Open In Colab

Operations on DataFrames

In many cases, one must do more than just accessing certain rows and columns of a dataframe. Let's look at some further applications of our pandas library.

Replacing NaN

Often datasets have empty fields due to lack of data or wrong data extraction. These fields are filled with None type values which Pandas automatically converts to a special floating point value designated as NAN, which stands for not a number.

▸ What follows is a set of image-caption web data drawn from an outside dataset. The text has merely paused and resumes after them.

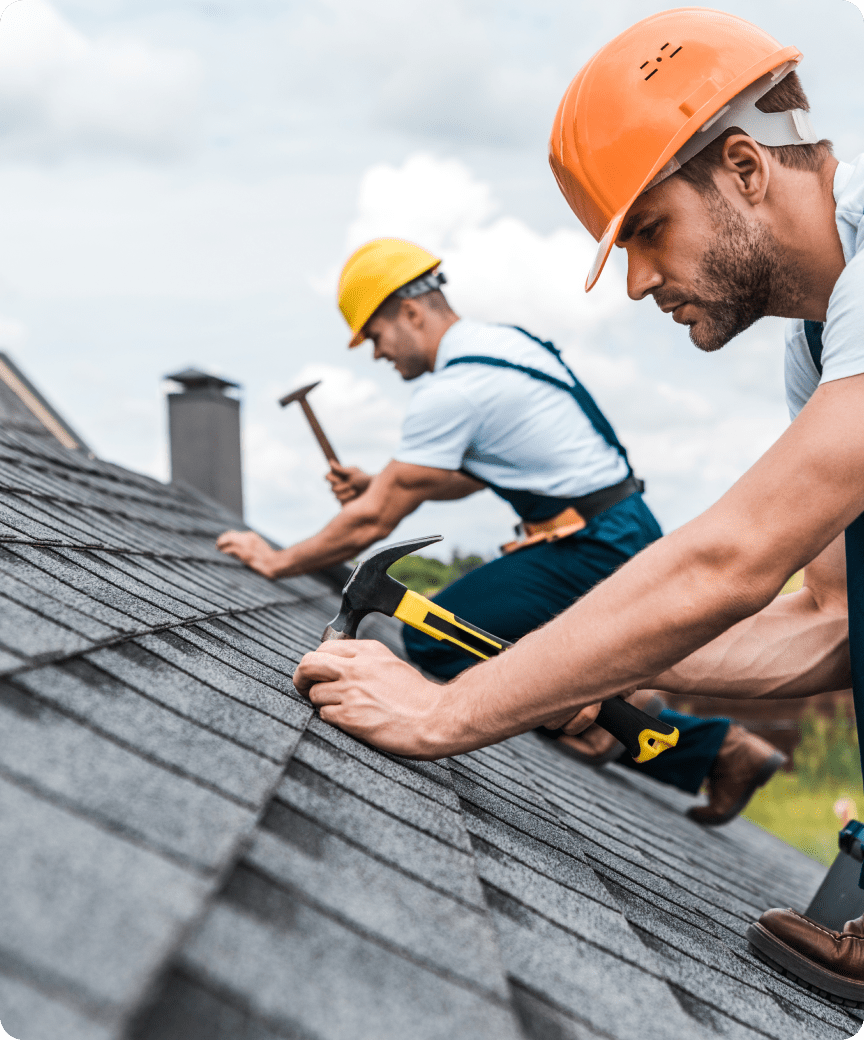 Workers inspecting shingle roof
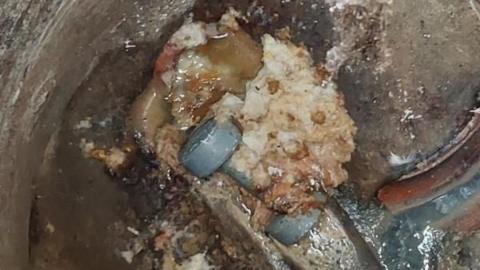 A gym weight in  a sewer with an enormous glob of fat attached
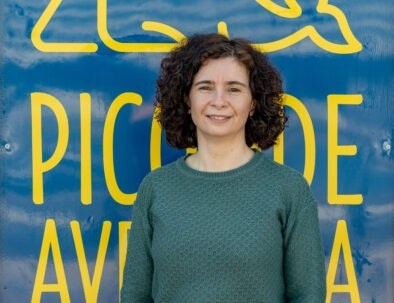 Smiling person with curly hair in front of a blue sign with yellow text.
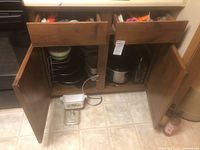 Photo of open cabinet showing vintage Pyrex baking dish with floral pattern, glass lid, crockpot, and other cookware stored inside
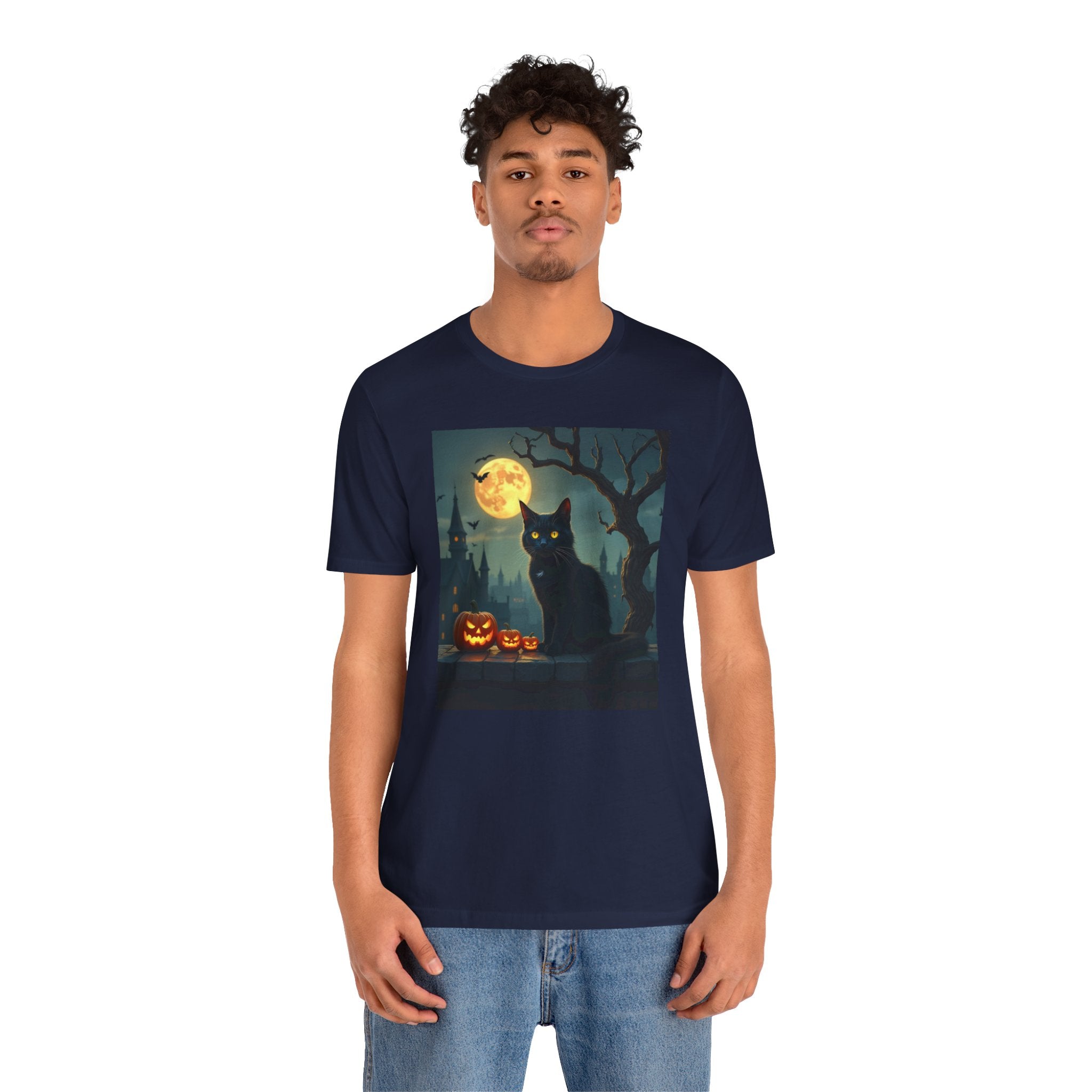 Person wearing a navy blue t-shirt with a Halloween design featuring a black cat and pumpkins.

If we create a list of numbers, integers or floats, and put in the None type, Pandas automatically converts this to a special floating point value designated as NAN, which stands for not a number.

In [ ]:
import pandas as pd
import numpy as np

numbers = [1, 2, None]
pd.Series(numbers)
Out[ ]:
0    1.0
1    2.0
2    NaN
dtype: float64

Before processing our data, we often want to "clean" it. Here, we can replace all NaN fields with a real number of our choice with numpy.fillna(number).

In [ ]:
df = pd.DataFrame(data={'Company': ['Apple', 'Google', 'Intel', 'AMD', 'Startup'], '% Growth':[4, 2, 4, 8, np.nan]})

df = (df.fillna(0))
df
Out[ ]:
Company % Growth
0 Apple 4.0
1 Google 2.0
2 Intel 4.0
3 AMD 8.0
4 Startup 0.0

Dropping Data

It's easy to delete data in series and DataFrames, and we can use the drop function to do so. This function takes a single parameter, which is the index or roll label, to drop.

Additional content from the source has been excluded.